In the days and weeks after the 2020 election, partisans across the country used lies and deceit to try to defraud the American people and steal the White House.

Although Joe Biden was the clear and unequivocal winner, racking up big margins in the popular vote and electoral college, 84 fake electors signed statements certifying that Donald Trump had carried their seven battleground states.

He did not.

The electoral votes at issue constituted nearly a third of the number needed to win the presidency and would have been more than enough to reverse Biden’s victory, granting Trump a second term against the wishes of most voters.

To some, the attempted election theft is old (and eagerly buried) news.

The events that culminated in the violent assault on the Capitol and attempt to block Biden from taking office occurred half a decade ago, the shovel wielders might say, making them as relevant as those faded social-distancing stickers you still see in some stores. Besides, Trump was given a second turn in the White House by a plurality of voters in 2024.

But it’s only old news if you believe that justice and integrity carry an expiration date, wrongdoing is fine with the passage of enough time and the foundational values of our country and its democracy — starting with fair and honest elections — matter only to the extent they help your political side prevail.

It bears repeating: “What we’re talking about here is an attempt to overturn the outcome of a presidential election,” said Sean Morales-Doyle, who heads the Voting Rights and Elections Program at the Brennan Center for Justice, a law and policy think tank at New York University. “If people can engage in that kind of conduct without consequence or accountability, then we have to worry about it happening again.”

Which is why punishment and deterrence are so important.

Last week, the Nevada Supreme Court unanimously reinstated the criminal case against six Republicans who signed certificates falsely claiming Trump had won the state’s electoral votes. Those charged include Nevada’s GOP chairman, Michael McDonald, and the state’s representative on the Republican National Committee, Jim DeGraffenreid.

The ruling focused on a procedural matter: whether the charges should have been brought in Douglas County, where the fake certificates were signed in the state capital — Carson City — or in Clark County, where they were submitted at a courthouse in Las Vegas.
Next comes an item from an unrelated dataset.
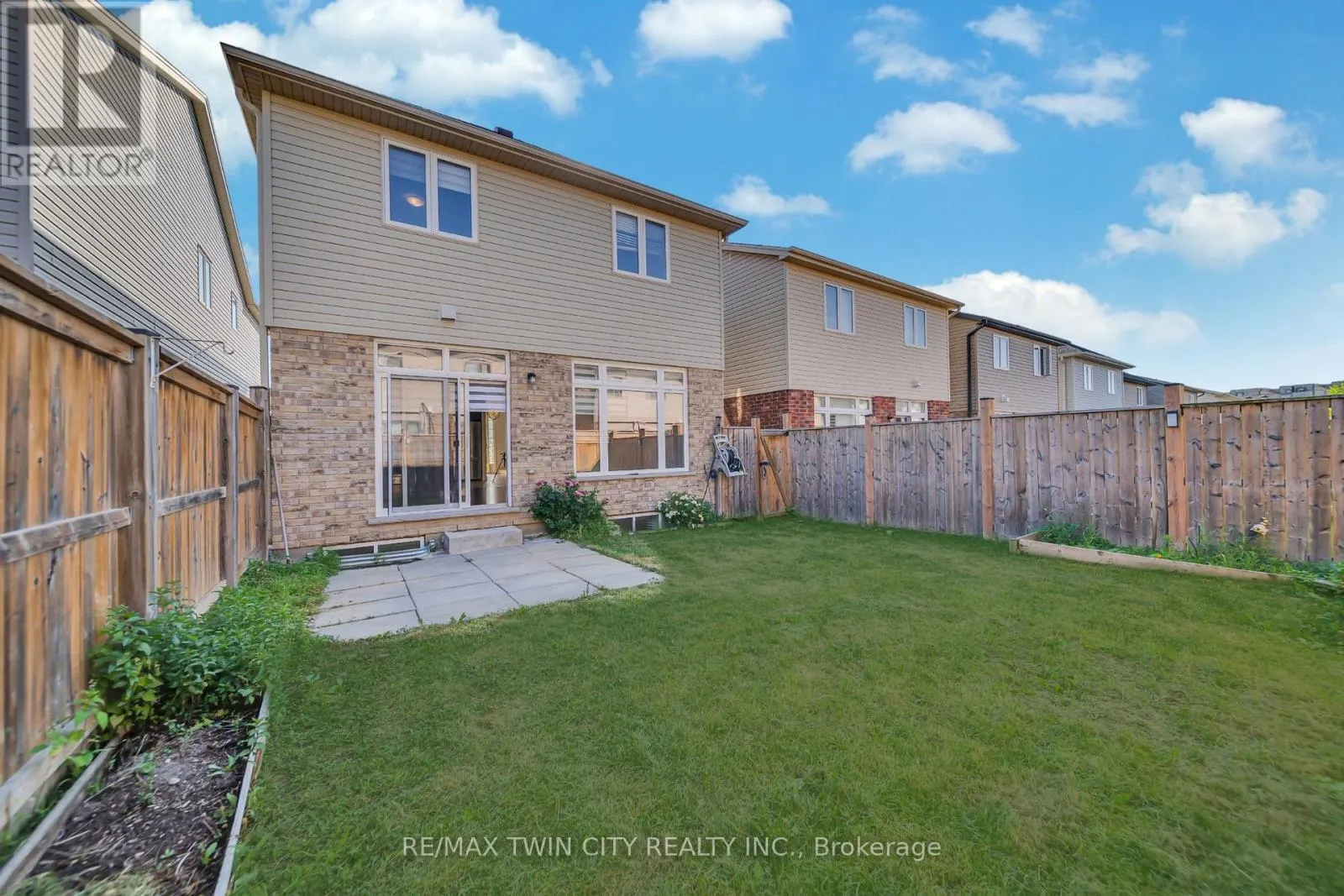 182 EDEN OAK TRAIL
A lower court ruled the charges should have been brought in Douglas County and dismissed the case. The high court reversed the decision, allowing the prosecution on forgery charges to proceed.

As well it should. Let a jury decide.

Of course, the Nevada Six and other phony electors are but small fry. The ringleader and attempted-larcenist-in-chief — Donald “Find Me 11,780 Votes” Trump — escaped liability by winning the 2024 election.
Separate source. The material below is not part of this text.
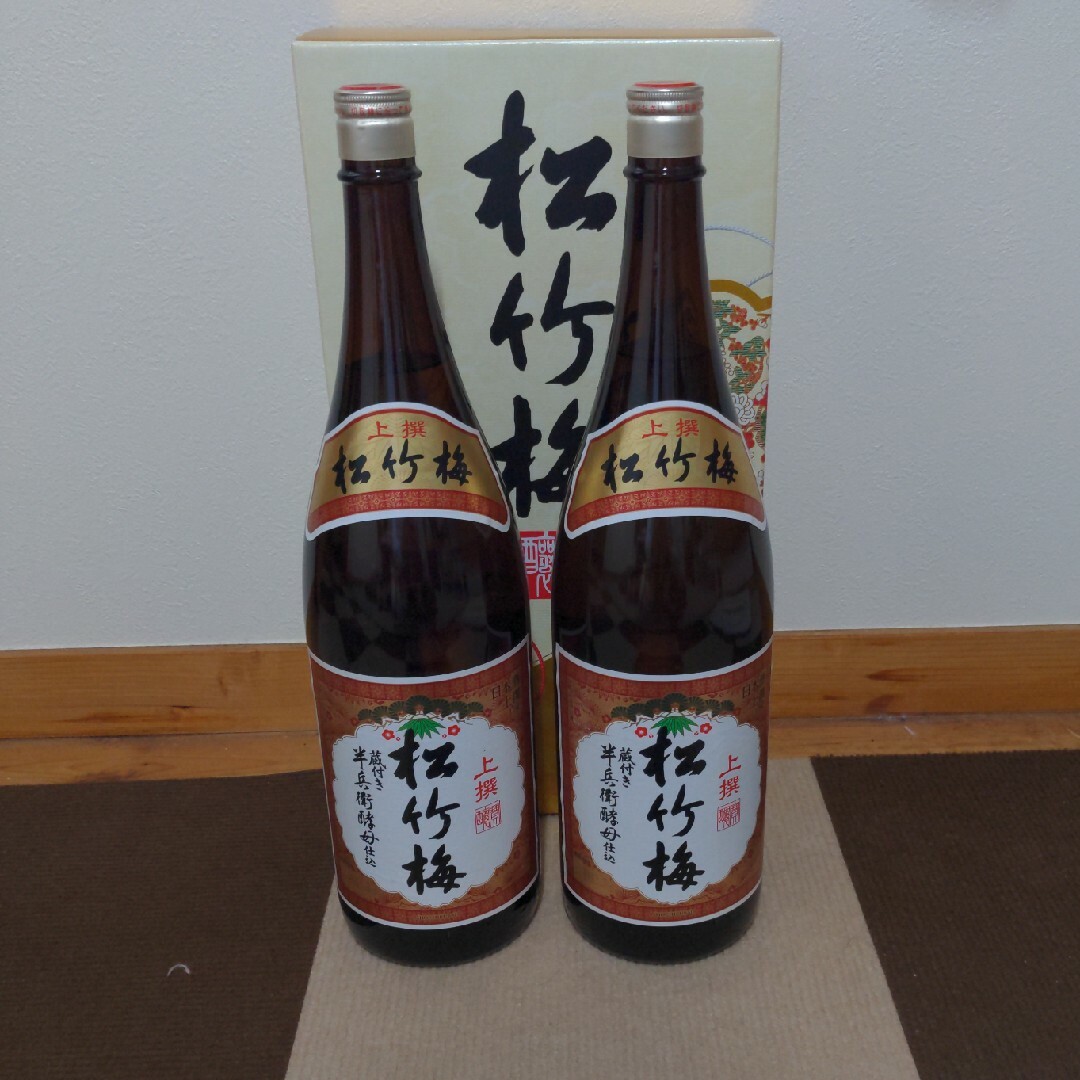 宝酒造(タカラシュゾウ)の松竹梅　上撰　2本 食品/飲料/酒の酒(日本酒)の商品写真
This month, he pardoned scores of fake electors and others involved in the attempted election heist — including his bumbling ex-attorney, Rudolph W. Giuliani — for any potential federal crimes. The move was purely symbolic; Trump’s pardoning power does not extend to cases brought in state courts.

But it was further evidence of his abundant contempt for the rule of law. (Just hours after taking office, Trump pardoned nearly 1,600 defendants — including some who brutalized cops with pepper spray and wooden and metal poles — who were involved in the Jan. 6, 2021, attack on the Capitol.)

Efforts around the country to prosecute even those low-level schemers, cheaters and 2020 election miscreants have produced mixed results.

In Michigan, a judge threw out the criminal case against 15 phony electors, ruling the government failed to present sufficient evidence that they intended to commit fraud.

In New Mexico and Pennsylvania, fake electors avoided prosecution because their certification came with a caveat. It said the documentation was submitted in the event they were recognized as legitimate electors. The issue was moot once Trump lost his fight to overturn the election, though some in Trump’s orbit hoped the phony certifications would help pressure Pence.

Derek Muller, a Notre Dame law professor, looks askance at many of the cases that prosecutors have brought, suggesting the ballot box — rather than a courtroom — may be the better venue to litigate the matter.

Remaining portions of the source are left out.